The particular calculations made at runtime to resolve queries involving many-to-many dimension relationships can be quite expensive and result in performance issues. To understand why this is, we need to understand how queries involving many-to-many dimensions are resolved. Taking the example query we've been looking at using Sales Reason, when the query is run, Analysis Services first takes the set of sales reasons selected, then scans the intermediate measure group to find all of the individual sales orders from the Sales Order dimension associated with each sales reason, and then queries the main measure group to aggregate the requested measures for all of these sales orders. If there are a large number of sales orders associated with each sales reason, this could take a lot of time to do, and because the query on the main measure group is resolved at the sales order granularity, this severely restricts the ability of Analysis Services to use aggregations to improve performance.

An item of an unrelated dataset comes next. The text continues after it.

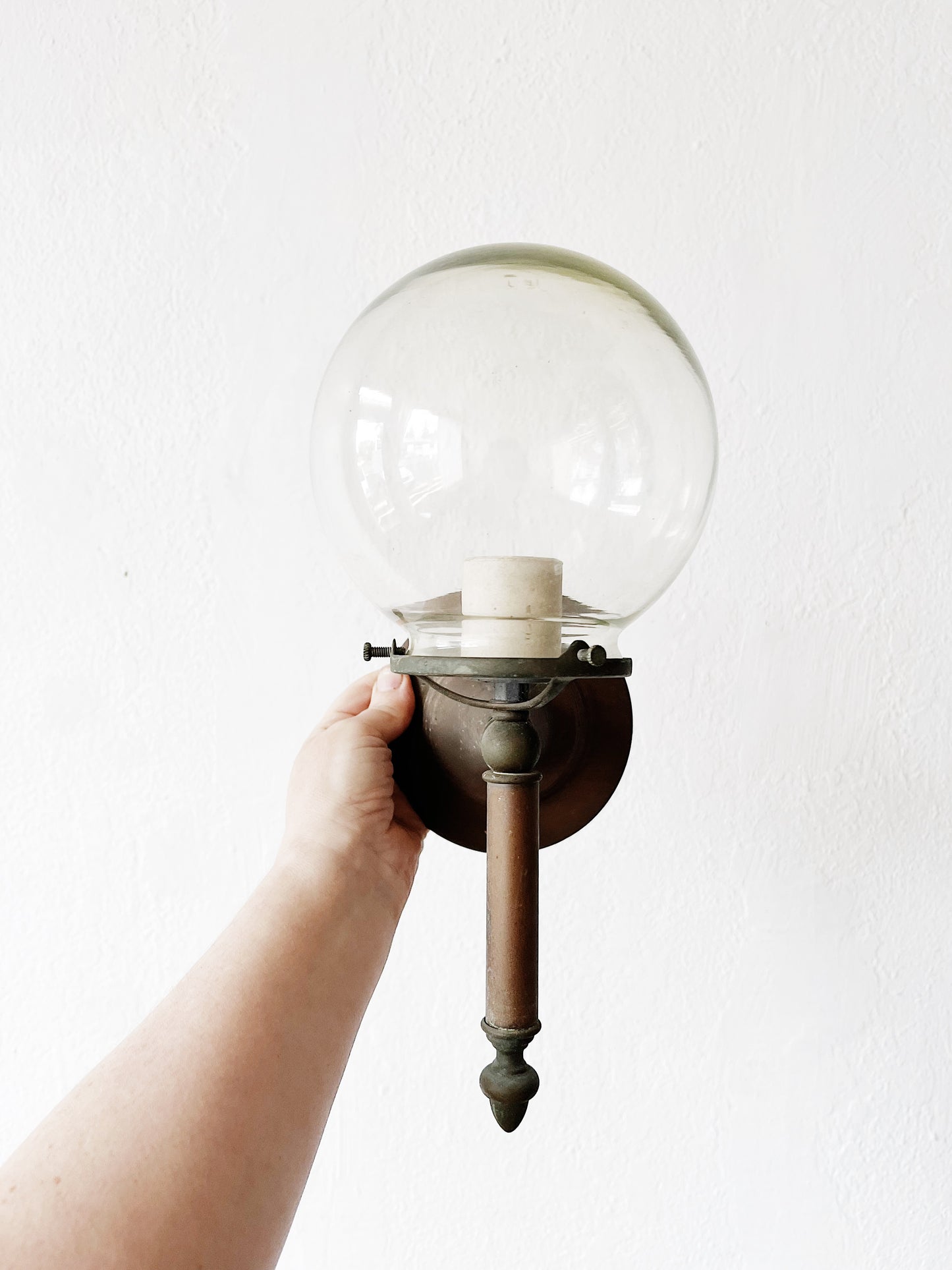 Vintage Blown Glass Sconce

The critical issue is the size (that is the number of rows) in the intermediate measure group. If it is small, it could be possible to build some aggregations on the main measure group at the level of the granularity attributes of the dimensions that make the join with the intermediate measure group. In these cases, aggregations can improve the execution time of the queries. However, if the intermediate measure group has millions of rows, aggregations will not improve execution time much.

In general, to optimize cubes with many-to-many dimension relationships, it is necessary to reduce the number of rows in the intermediate measure groups somehow—this can be achieved by "compressing" the data, so that frequently occurring patterns of relationships are represented by a single row in the intermediate measure group instead of multiple rows. After that, we can try to minimize the number of rows scanned for each query, for example, by partitioning the intermediate measure group using one of the dimensions that has a regular relationship with the intermediate measure group as well as the "primary" measure group. In the case of transition matrix, the Date dimension should be related to both measure groups as a regular dimension, and partitioning the intermediate measure group by members of the Date dimension will reduce the number of rows scanned at query time.

The optimization of many-to-many dimension relationships, including the compression technique mentioned previously, is covered in a white paper named Analysis Services Many-to-Many Dimensions: Query Performance Optimization Techniques, which is downloadable here: http://tinyurl.com/m2moptimize.

Finally, in some scenarios where there is a large dimension linking the intermediate measure group and the main measure group, the users do not actually need to be able to query it directly—it is just used to resolve the many-to-many relationship and its Visibleproperty is set to false. If this is the case, we can avoid the processing overhead associated with such a large dimension by breaking it up into multiple smaller dimensions, and at the same time, improve performance of many-to-many queries too. This technique is described in detail here: http://tinyurl.com/breaklargedims

Summary

In this chapter, we have seen how to use the drillthrough feature, discussing in detail several options available to model and optimize drillthrough actions. We have seen the differences between using MOLAP and ROLAP dimensions to enable drillthrough on transaction details. We have also discussed how to include a many-to-many dimension relationship in our model, highlighting that this single feature enables much more complex modeling techniques, giving some examples of the possible scenarios and providing links to external resources about modeling and optimization for this feature. In the next chapter, we will show how to add complex calculations to the model.